───── Data segment ─────

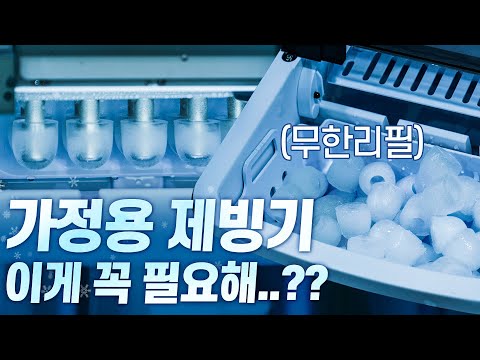 얼음정수기가 없어서 여름내내 써본 가정용 <strong>제빙기</strong> 사용후기!
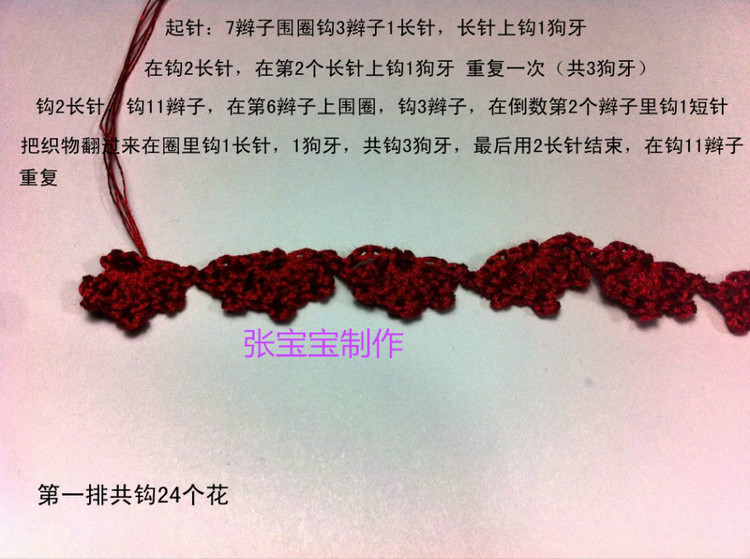 超級鉤姐老師教梅花帽子 - 江南人 - 江南人鉤編博客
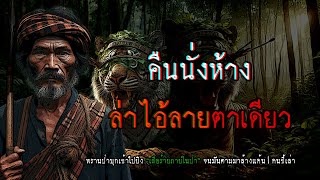 คืนนั่งห้าง ล่าไอลายตาเดียว | คนขี้เล่า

─────

— Exercise brief —
Every last line above must be reproduced as written, and no pictures belong in the copy.

— Completed exercise —
 얼음정수기가 없어서 여름내내 써본 가정용 <strong>제빙기</strong> 사용후기!
 超級鉤姐老師教梅花帽子 - 江南人 - 江南人鉤編博客
 คืนนั่งห้าง ล่าไอลายตาเดียว | คนขี้เล่า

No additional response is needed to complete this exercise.